This award is funded under the American Recovery and Reinvestment Act of 2009 (Public Law 111-5).
Intellectual Merit. High throughput sequencing that allows human genetics to access rare variation "Next Generation" sequencing is transforming human genetics: several disruptive technologies are coming of age and now enable resequencing throughput of megabases per dollar. Specifically, thousands of individuals can now be sequenced for targeted regions of the genome, in pools of individuals. The complete spectrum of common and rare alleles thus revealed is a key resource for understanding origins, genomics, and heritable traits of our species. Naïve tests of association of a heritable trait to a common variant are inappropriate for analysis of rare gene variants, since the contribution of each such rare variant to the trait is often statistically undetectable. The hope for finding an associated gene therefore lies in accumulating association signal across multiple functional variants. The problem of multiple-variant association is complicated by background correlations between nearby variants.This proposal tackles two challenges:
1.Initial task: Recovery of individual identity of mutation carriers from pooled sequencing data
2.Main task: Using individual-level mutation data for scoring of association to multiple variants in a locus
Proposed solution: Bayesian scoring, decomposable by individual and by variant. This proposal involves design of overlapping pools for recovering mutation carrier identity. Each individual will be sequenced in a unique combination of pools. Mutations observed in such a set of pools will be inferred to be carried by the corresponding individual, addressing the initial task. This proposal tackles the main task by Bayesian scoring for genomic intervals containing functional variants. Comparative genomics is used to guide a prior distribution for whether a sequenced variant is likely to be functional. The association score is further decomposed to contributions of each sample and each site, with Markovian dependency between such contributions along the genome. A dynamic-program is proposed for optimizing the causal locus boundaries.

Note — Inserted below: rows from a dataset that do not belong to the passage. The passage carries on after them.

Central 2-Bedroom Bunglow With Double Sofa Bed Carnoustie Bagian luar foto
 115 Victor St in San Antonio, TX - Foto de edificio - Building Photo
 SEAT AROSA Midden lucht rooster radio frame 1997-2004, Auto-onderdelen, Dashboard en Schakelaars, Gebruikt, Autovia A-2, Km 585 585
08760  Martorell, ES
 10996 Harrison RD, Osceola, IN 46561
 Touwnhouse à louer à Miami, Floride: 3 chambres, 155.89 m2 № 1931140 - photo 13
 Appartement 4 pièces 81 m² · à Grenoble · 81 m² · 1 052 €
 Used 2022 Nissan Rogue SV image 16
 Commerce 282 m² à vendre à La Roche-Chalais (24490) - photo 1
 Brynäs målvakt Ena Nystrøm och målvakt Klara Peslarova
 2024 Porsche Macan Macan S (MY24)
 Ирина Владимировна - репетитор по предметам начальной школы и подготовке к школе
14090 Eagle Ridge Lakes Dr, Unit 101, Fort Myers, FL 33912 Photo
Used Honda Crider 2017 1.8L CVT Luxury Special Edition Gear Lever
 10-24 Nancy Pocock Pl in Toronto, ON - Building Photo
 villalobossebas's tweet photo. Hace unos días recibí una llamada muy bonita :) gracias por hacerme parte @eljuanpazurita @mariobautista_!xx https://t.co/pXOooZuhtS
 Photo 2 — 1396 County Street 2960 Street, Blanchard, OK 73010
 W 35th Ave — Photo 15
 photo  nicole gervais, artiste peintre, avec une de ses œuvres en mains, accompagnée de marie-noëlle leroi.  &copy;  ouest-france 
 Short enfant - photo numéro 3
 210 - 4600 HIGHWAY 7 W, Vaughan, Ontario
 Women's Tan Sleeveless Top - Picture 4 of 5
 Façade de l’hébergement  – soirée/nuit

Broad Impact. The outcomes of the project would facilitate new paradigms in genetic research, alongside the recently launched high throughput experimental technologies. Specifically, projected impacts include:
- software tools and tailored interfaces to be disseminated to the reseaerch community. - Education for undergraduates by project courses implementing proposed research tasks and for K-12 students by curriculum development and delivery to high-school diversity students - allowing a generation to have widespread access to their individual DNA.